Es perfectamente concebible que una sociedad se ponga como objetivo el cerrar los grandes desequilibrios sociales, como guía y principio rector de todo el Estado, del Gobierno y de la sociedad civil.
También hay inmensos desequilibrios políticos. El ejercicio del poder político no radica en partidos, movimientos, personalidades y votantes que tratan de captar la adhesión ciudadana, todos compitiendo en condiciones de igualdad. Eso no es así. En la práctica el sistema político está lleno de poderes fácticos, que tienen grandes y desiguales capacidades de controlar los medios de comunicación social, de financiar candidatos y partidos completos y/o de generar presiones o poner en marcha lobbys especializados para incidir en la conformación de las leyes de la república. La competencia política – y la democracia misma – no camina, por lo tanto, por la vía de la competencia entre iguales. Hay inmensos desequilibrios políticos, que no son dados por los dioses ni por la naturaleza, sino que son, por lo tanto, posibles de suprimir o de corregir en la medida en que la sociedad así se lo proponga. El acceso igualitario a los medios de comunicación social, la penalización del financiamiento abierto o clandestino de campañas y de candidatos, e incluso el financiamiento gubernamental a los partidos políticos, son algunas cuestiones que pueden apuntar hacia un sistema político más equilibrado.

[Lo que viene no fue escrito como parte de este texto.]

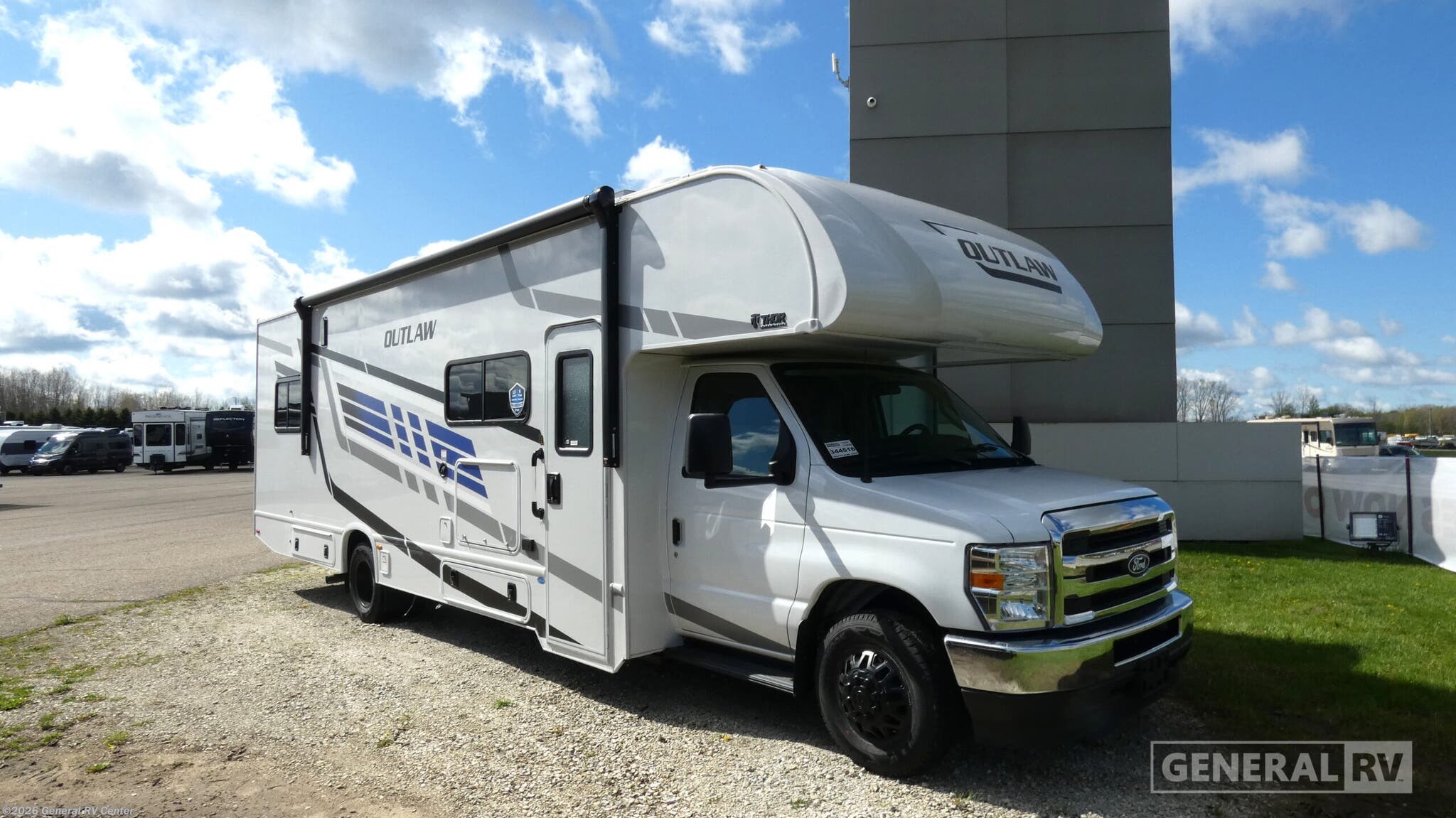 New 2026 Thor Motor Coach Outlaw 29T available in Wayland, Michigan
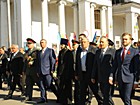 Святкова урочиста хода, церемонія покладання квітів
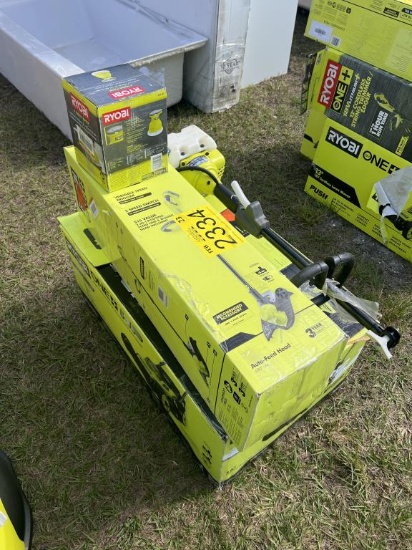 LOT OF ELECTRIC LANDSCAPE EQUIPMENT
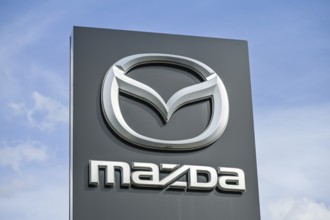 Logo Mazda, car dealership, Berlin, Germany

En la teoría y en la práctica social, económica y política del presente, no es posible sostener la idea de que los equilibrios macroeconómicos conducen por si mismos a reducir o a eliminar los desequilibrios sociales y políticos. Más bien contribuyen a mantenerlos o a incrementarlos. Lo que se puede decir – con bastante evidencia en la mano – es que los desequilibrios políticos ayudan a sostener los desequilibrios sociales, y por esa vía, reproducen y fortalecen los propios desequilibrios políticos.
Una sociedad moderna y bien estructurada debe centrar su atención – legal y constitucionalmente – no solo en promover los equilibrios económicos, sino que, con mayor énfasis aún, en combatir los desequilibrios sociales y políticos, que atentan contra la convivencia social y contra la esencia misma de la democracia.